In 1846 he was consecrated second Protestant bishop of Jerusalem, under the agreement between the British and Prussian governments (1841) for the establishment of a joint bishopric for Anglicans, Lutherans and Calvinists in the Holy Land, carried by the Anglican Church of England and the united Evangelical Church in Prussia. Gobat succeeded the late Bishop Michael Solomon Alexander. He carried on a vigorous mission as bishop for over thirty years, his diocesan school (so-called Bishop Gobat School, established 1847, now the Jerusalem University College) and orphanage on Mount Zion being specially noteworthy.

Unlike his predecessor Bishop Alexander, who preferred missioning Jews and Muslims, however, with the latter being forbidden to convert and to be missioned by Ottoman law, Gobat had resorted to proselytising among Christians of other, mostly Orthodox denominations. The Porte had legalised this by a Firman in 1850 issued under the pressure of the Protestant powers of Britain and Prussia. Such proselytism had been criticised by proponents of the Anglican High Church faction.

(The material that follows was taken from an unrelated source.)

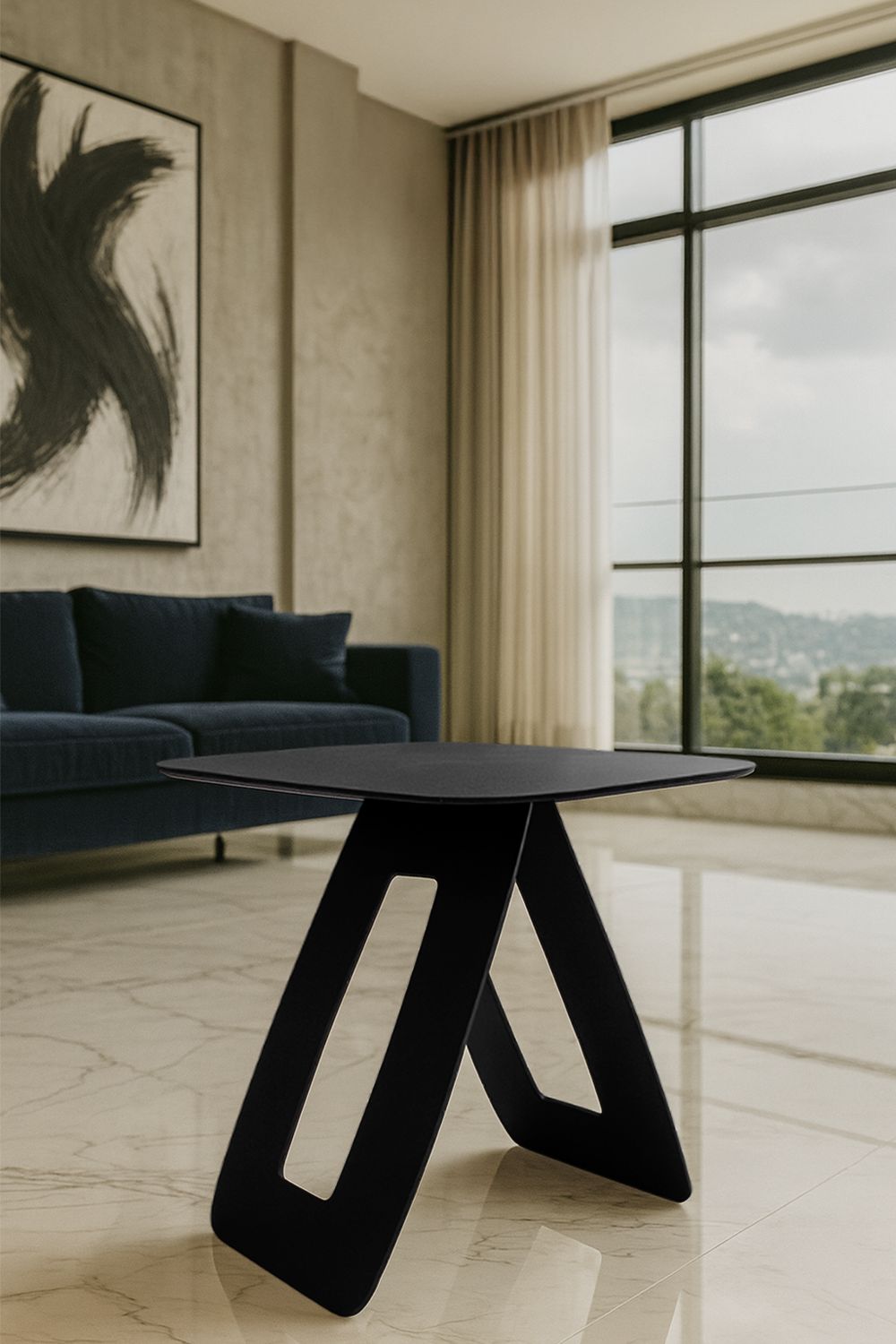 Angulus-h Tasarım Çelik Metal Yan Sehpa - Kahve Sehpası - Minimalist Modern Sehpa - 1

In order to support Gobat's effort Wilhelm Hoffmann [de] (*1806-1873*), one of the royal Prussian court preachers at the Supreme Parish and Collegiate Church in Berlin, co-founded Jerusalem's Association [de], a charitable organisation on 2 December 1852, also becoming its first president. Gobat could found a number of charitable institutions with the help of funds raised by this Association. In the 1850s Gobat invited the Church Mission Society (CMS), of which he had previously been a missionary, to open Palestine as a field of mission, which they did.